DATA —
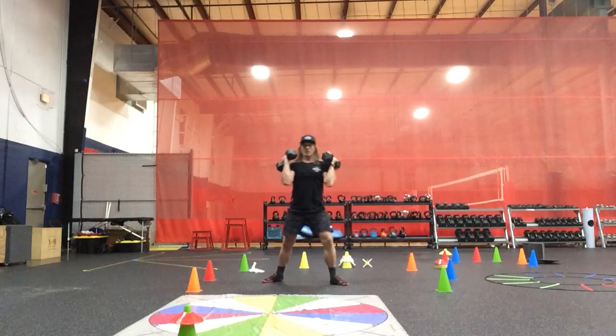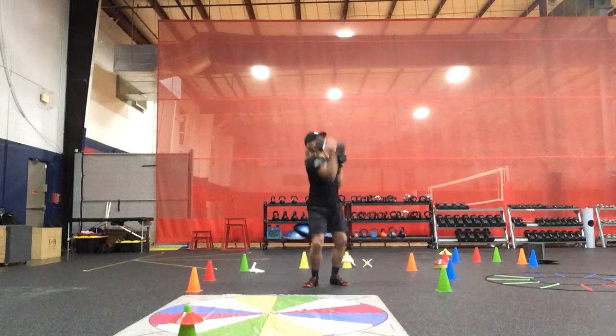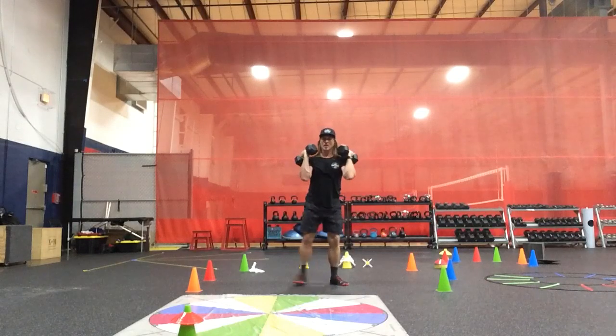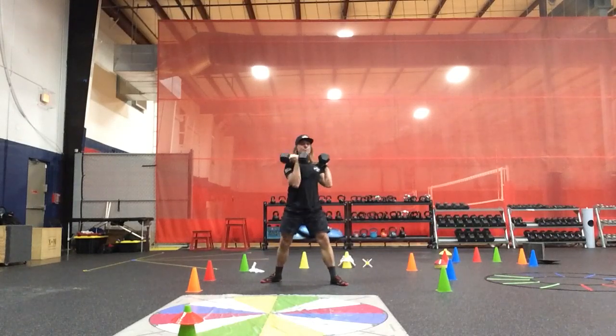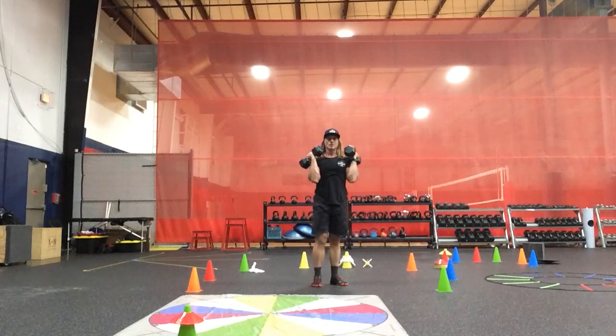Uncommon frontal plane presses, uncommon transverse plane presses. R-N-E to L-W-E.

---

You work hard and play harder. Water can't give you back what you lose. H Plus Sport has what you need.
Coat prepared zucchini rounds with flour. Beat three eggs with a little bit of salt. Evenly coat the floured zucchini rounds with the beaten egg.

WHAT YOU HAVE TO DO — Reproduce word for word the material above, beginning with the line that contains "You work hard" and ending with the line that contains "Coat prepared zucchini".

EXPECTED ANSWER —
You work hard and play harder. Water can't give you back what you lose. H Plus Sport has what you need.
Coat prepared zucchini rounds with flour. Beat three eggs with a little bit of salt. Evenly coat the floured zucchini rounds with the beaten egg.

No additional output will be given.